John Singleton Copley, The Copley Family, 1776/1777, oil on canvas, Andrew W. Mellon Fund, 1961.7.1

Sir Brook Watson at 63 years old.

Robert Dighton Jr, Sir Brook Watson, 1st Bt, published August 1803, hand-coloured etching, NPG D4645, © National Portrait Gallery, London

And What Happened to Watson?

Brook Watson survived his ordeal and eventually became a prominent merchant who gained his wealth through the transatlantic slave trade. In 1788, Watson (now 53), spoke in the British Parliament against abolishing the slave trade. Watson’s main concern was that abolition would ruin the West Indies market for refuse fish, which he sold as food for enslaved African people.

He actively promoted his own story as a message about personal courage and heroism when he gave this painting to a boys’ school in 1803. He made sure that the school displayed it with a plaque describing his rescue and forever memorializing his encounter. 

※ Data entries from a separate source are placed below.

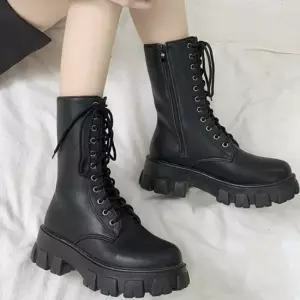 레이스업 어글리부츠 패션부츠 LU65 오버아웃 미들부츠 여성부츠 겨울부츠 패션부츠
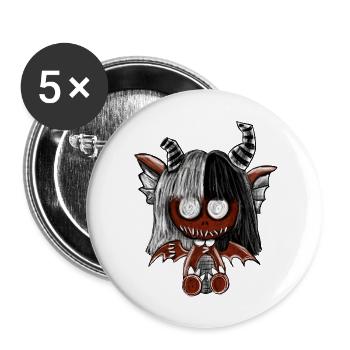 devil - Buttons groß 56 mm (5er Pack) - Weiß - Vorne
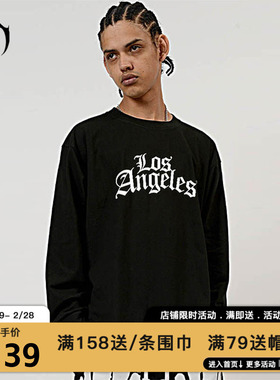 MIRACLEKILL潮牌洛杉矶LosAngeles限定款印花宽松圆领长袖T恤男女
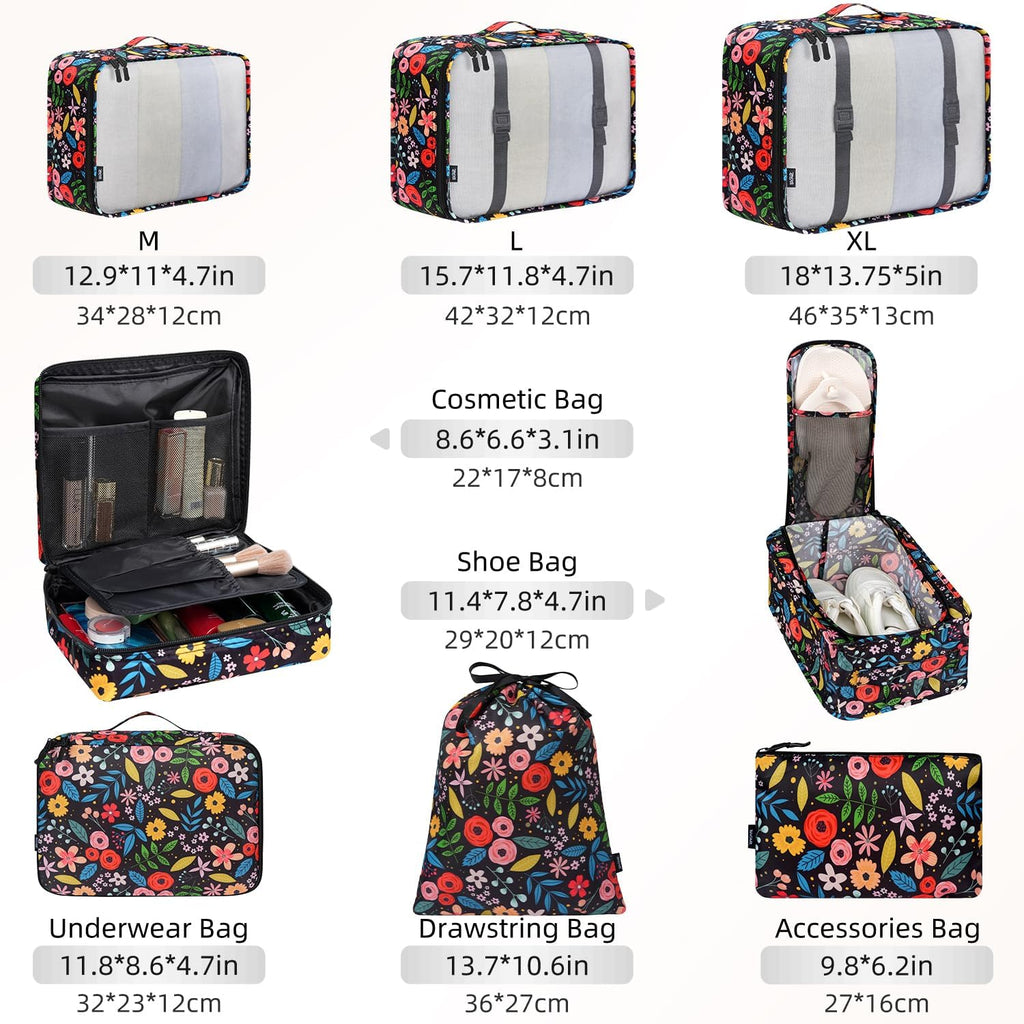 BAGAIL 8 Set Packing Cubes Luggage Packing Organizers for Travel Accessories-Black Floral
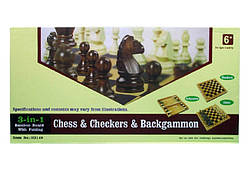 3 в 1 : шашки, ♟ шахматы, нарды материал: бамбуковое дерево Размеры:38.5*38.5 3140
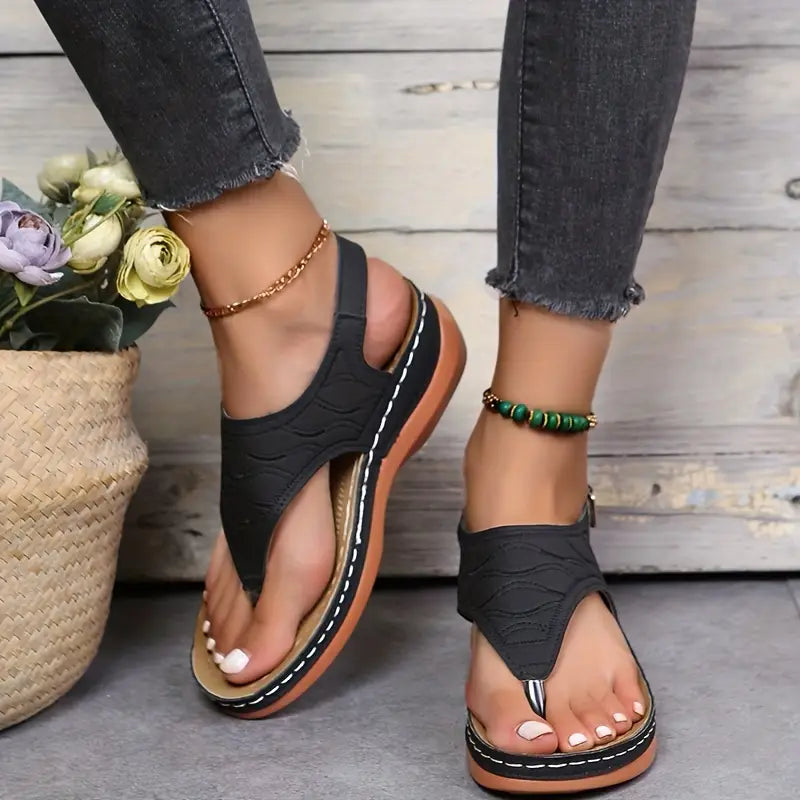 Sandalias de cuña para mujer - Retro Chic Comfort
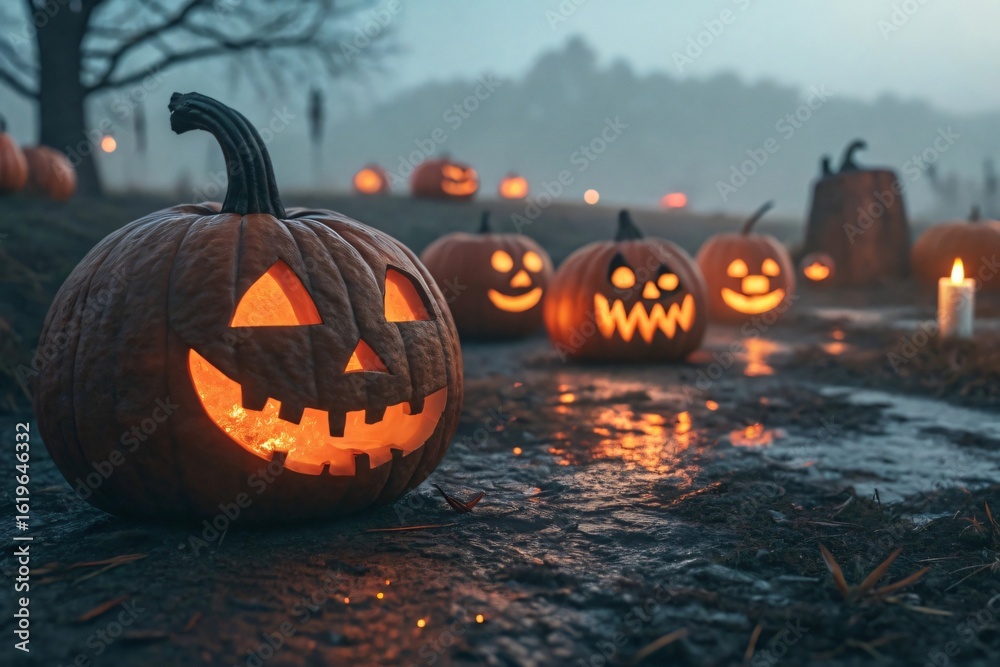 Spooky jack o lanterns glow in a misty autumn evening Spooky jack o lanterns glow in a misty autumn evening
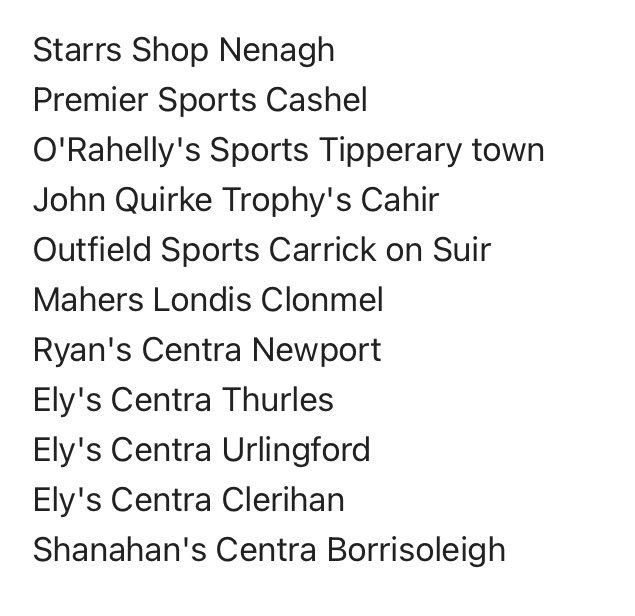 We’re excited to announce the official list of distributors for the 25-T-Liam signs. These partners are the exclusive sellers of the signs in their locality. Proceeds will go to the Players’ Training Fund. The full list of distributors is available on the picture attached.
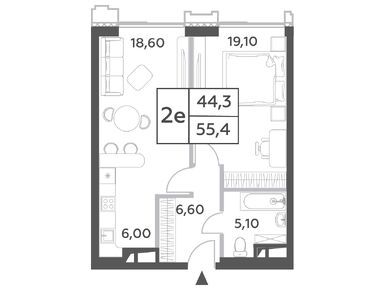 2-комнатная 55.40 кв.м, ЖК Will Towers (Вилл Тауэрс), 29 984 673 руб.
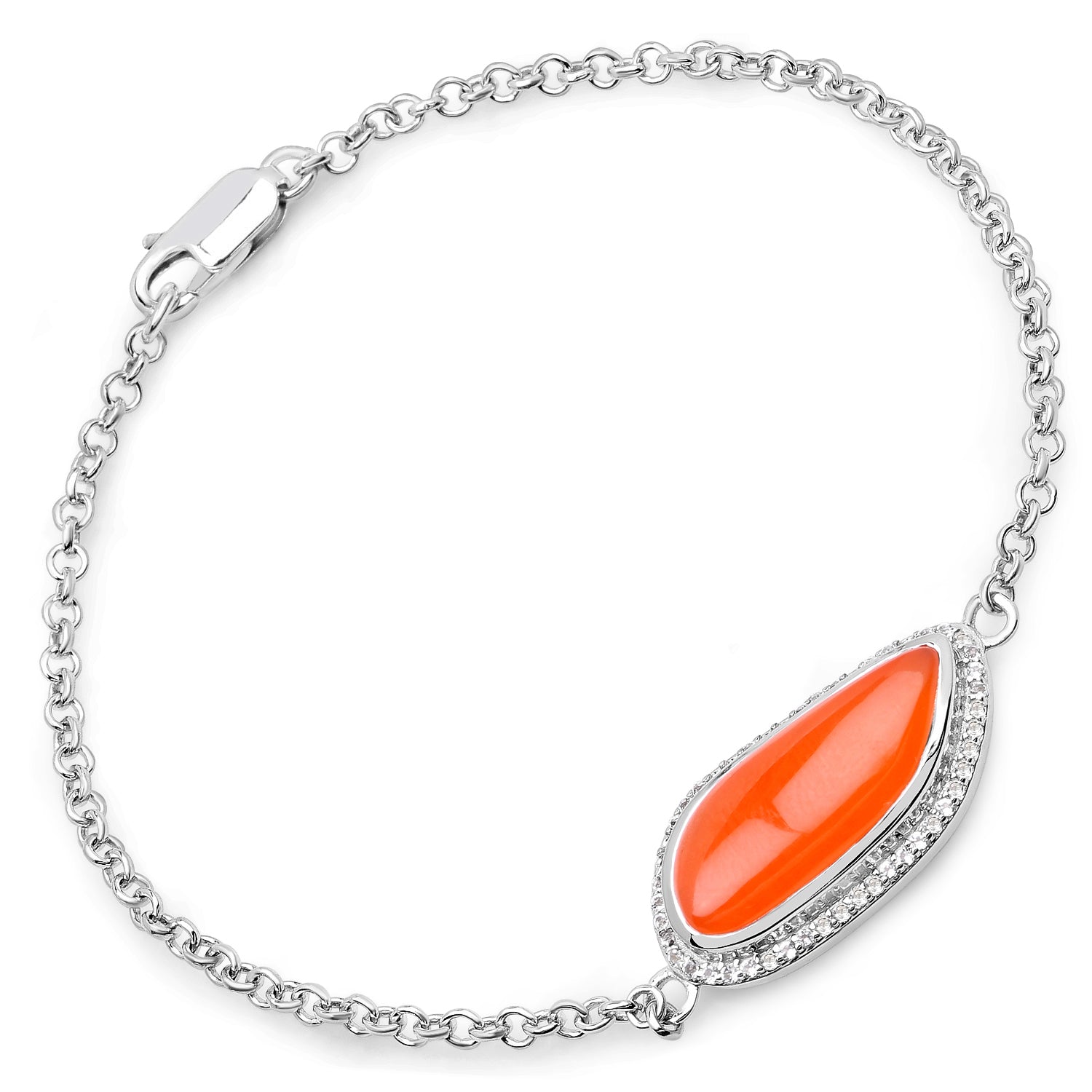 5.50 Carat Genuine Carnelian And White Topaz .925 Sterling Silver Bracelet by Bids.com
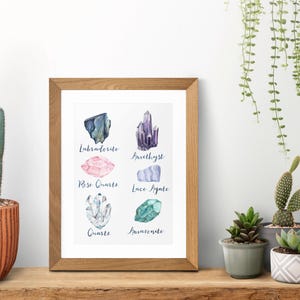 May include: A framed print featuring watercolor illustrations of various crystals, including Labradorite, Amethyst, Rose Quartz, and Quartz. The print is displayed on a wooden shelf, alongside potted cacti and succulents. The artwork is labeled with the crystal names.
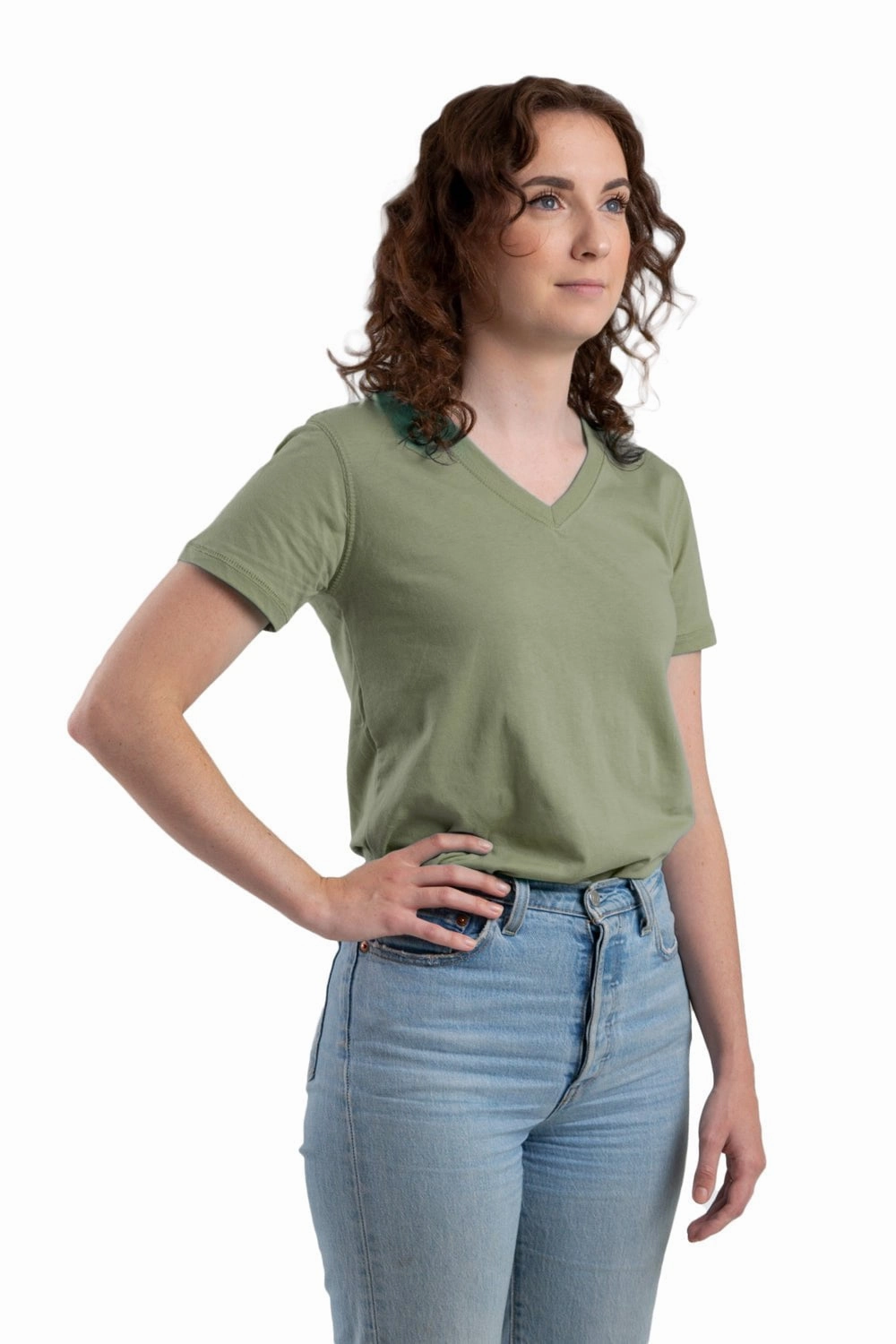 Berne Lichen Cotton Blend Womens Performance V-Neck Tee S/S Adjustable Cuffs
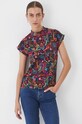T-shirt bawełniany damski z domieszką elastanu wzorzysty kolor multicolor multicolor RW24.TSD601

In focusing on Watson’s fate, art historians have often failed to see that the painting does more than memorialize the encounter between a youth and a shark. While the grand painting captures a specific moment in Brook Watson’s story, it also calls on viewers to consider the reality of Black life during colonial times. It depicts the humanity of a Black sailor helping to save someone who, if their roles were reversed, may not have reached out to save him.